If this happens, there will certainly be a number of big consequences for viewers and TV companies alike.
Many TV viewers will save money. Americans pay $20 billion a year to rent their TV set-top boxes, even more than the $19+ billion they spent last year to buy new TVs. At a $200 rental fee per household per year, you can imagine a lot of people buying boxes that will have one-time costs in the range of what they pay to rent a box for a year or two, or even less.
Plus, those old boxes suck a lot of electricity. Subscription pay-TV boxes today draw approximately 5% of all electricity used in the home.

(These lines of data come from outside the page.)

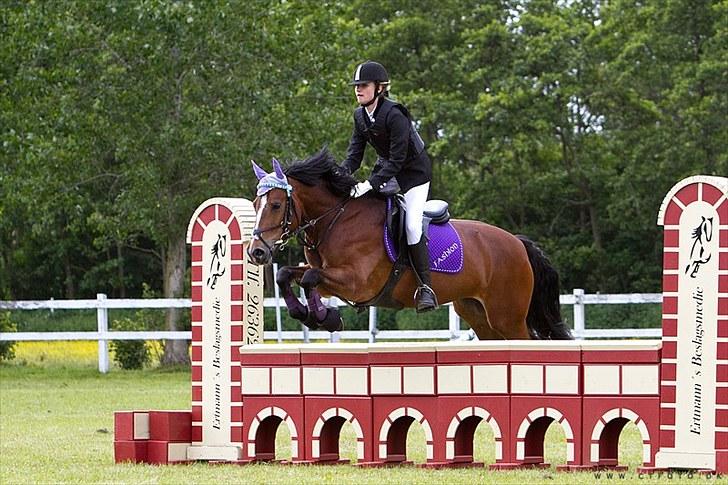 Welsh Cob (sec D) Lindbergs Fashion R.I.P d. 14/3-12 - Til stævne d. 19/6-10. LC fejlfri 3 pladsen. :D billede 6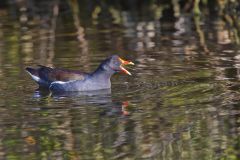 Common Gallinule, Gallinula galeata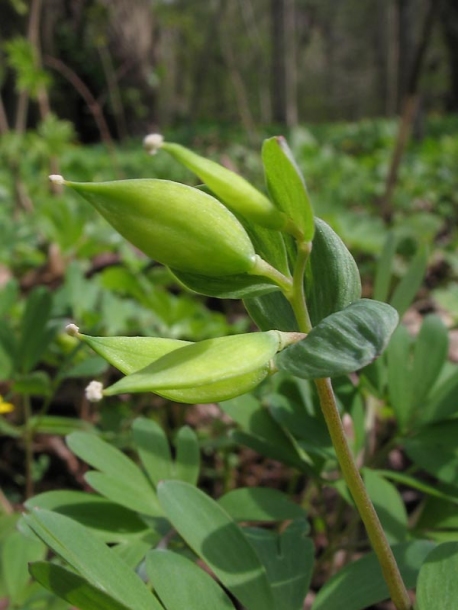 Изображение особи Corydalis intermedia.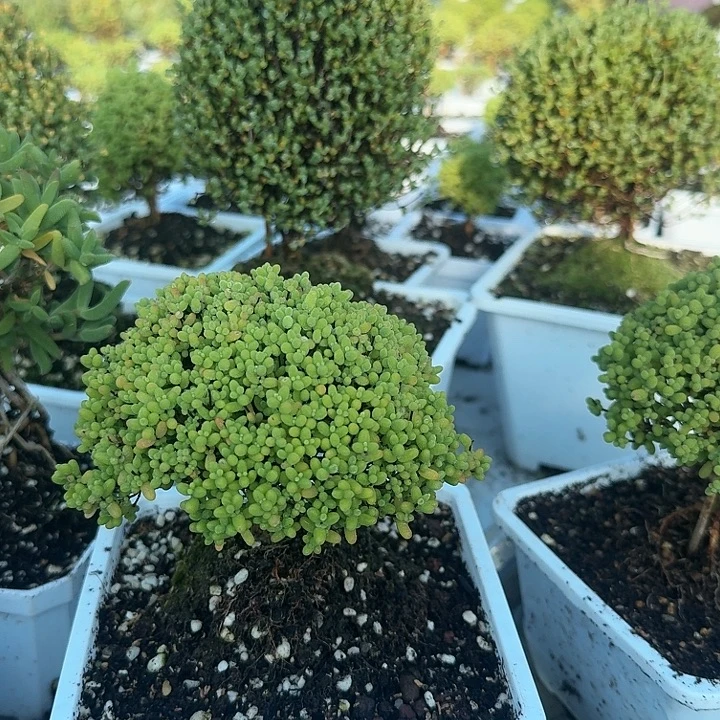 茶****当前无花朵，栽培后可花朵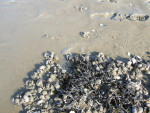 kokkels zoeken op het wad
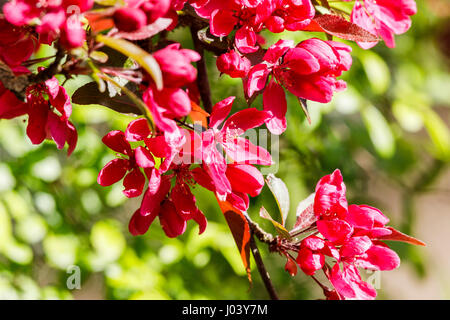 Mauve au rose ou rouge foncé de fleur de pommier (Malus) floraison des arbres au printemps, Surrey, au sud-est de l'Angleterre, Royaume-Uni Banque D'Images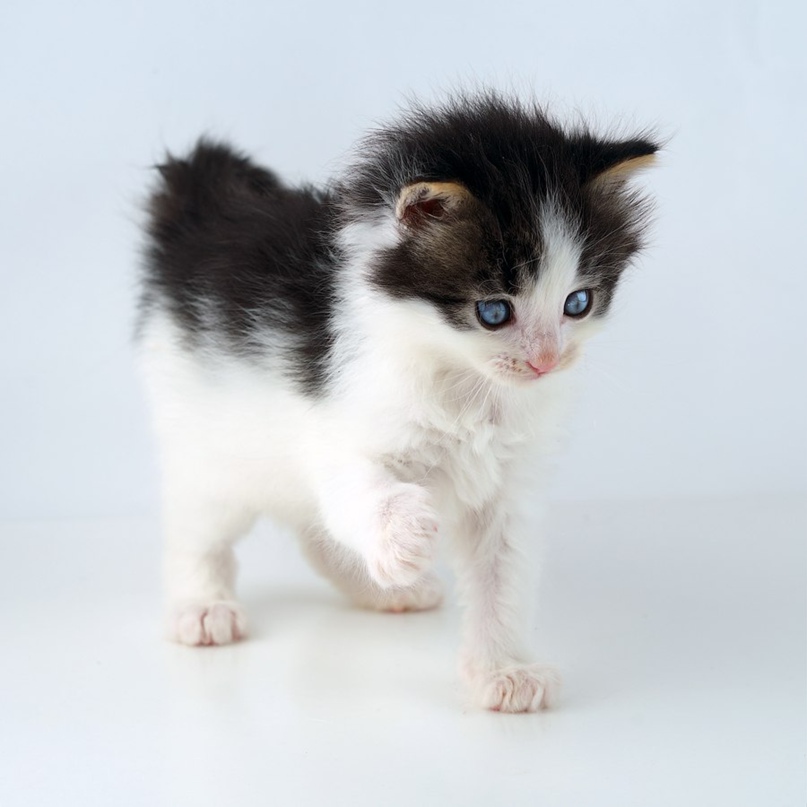 Катечка Залюбовская | Санкт-Петербург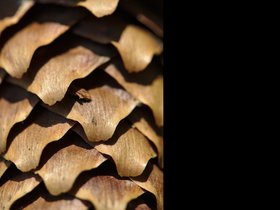 2017_kultursommer_natur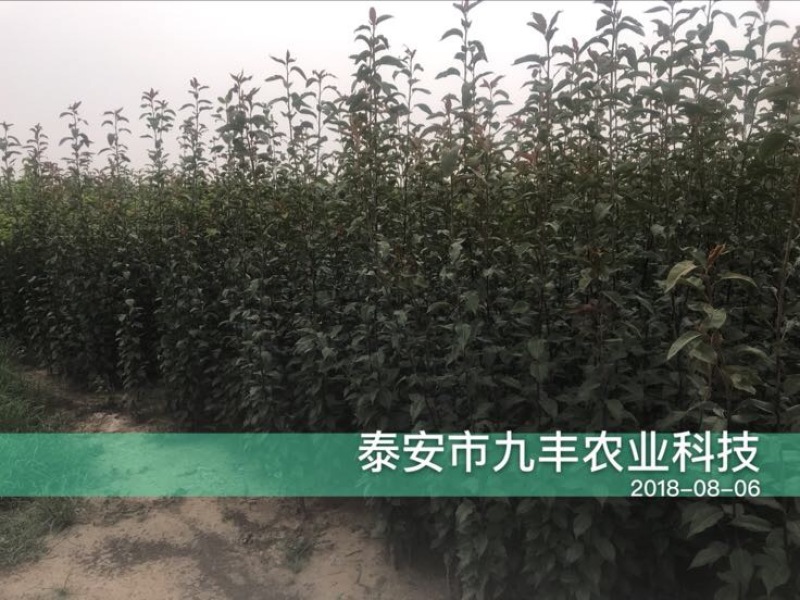 梨树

Energy efficiency will certainly be a new competitive point on the boxes, since open standards will make it easier for more consumer electronic companies to create consolidated devices, with TV service integrated into gaming devices, playback devices or into the TV itself.
TV viewers will get better devices. Given the quality of devices we all get from our TV providers today, and the quality of devices we get from companies like Apple, Google, Amazon, TiVo, Samsung, Sony and LG today, this is pretty much a slam-dunk. No matter what, devices will be prettier and will keep better time.

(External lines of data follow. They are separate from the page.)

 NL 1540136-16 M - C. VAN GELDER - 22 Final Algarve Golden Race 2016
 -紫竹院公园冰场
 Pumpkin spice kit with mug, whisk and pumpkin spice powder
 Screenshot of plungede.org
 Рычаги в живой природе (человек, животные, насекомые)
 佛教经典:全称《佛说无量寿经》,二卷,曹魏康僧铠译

TV viewers will gain control. It would be hard for the pay TV interface to get any worse than it is today. Third-party boxes will certainly integrate multiple different video packages and digital, social and streaming feeds into the same user interface, probably with lots of cross-service features like Roku’s meta-search and Amazon Echo’s voice control and artificial intelligence.
Might a la carte pricing be an inevitable consequence? As my good friend and Xaxis chairman Dave Moore spoke about yesterday at the ICOM-Global Summit in Seville, Spain, an open TV set-top box is almost certain to bring a la carte channel buying options for consumers. This will have asymmetrical impacts on TV networks dependent on subscriber fees for much of their revenue — if data from recent experiments with “skinny” bundles continues to hold true.
Will it break the TV ad bundle, bringing both chaos and opportunity to TV companies? Today, the TV ad business and the ways you can buy TV ads bundle are pretty simple. It’s all about shows, demos, days, day-parts, CPMs and bundles.
You can buy nationally. You can buy locally (sometimes at the local-cable ad-zone level). And now, you can even buy a smattering of addressable ads on some operator footprints.
However, once you bring in millions and millions of new, cloud-connected set-top boxes, the ad bundle of today will be broken, and simplicity will be out the window.
For sure, we will see a massive introduction of new and different ways to package and sell TV ad inventory. We will have much more measurement and many more insertion points – national programmers will now be able to sell locally, for example. Over-the-top and video-on-demand and linear and digital video will now be much easier to sell together (though nothing will be easy).
How will you do? Without question, we will see many of the digital ad models tested on TV. Some will make it. Some won’t. For sure, it won’t be simple. TV buyers and sellers who have been testing automation and data-provisioned TV ad targeting and measurement today will likely fare much better than those who haven’t. What do you think? Which will you be?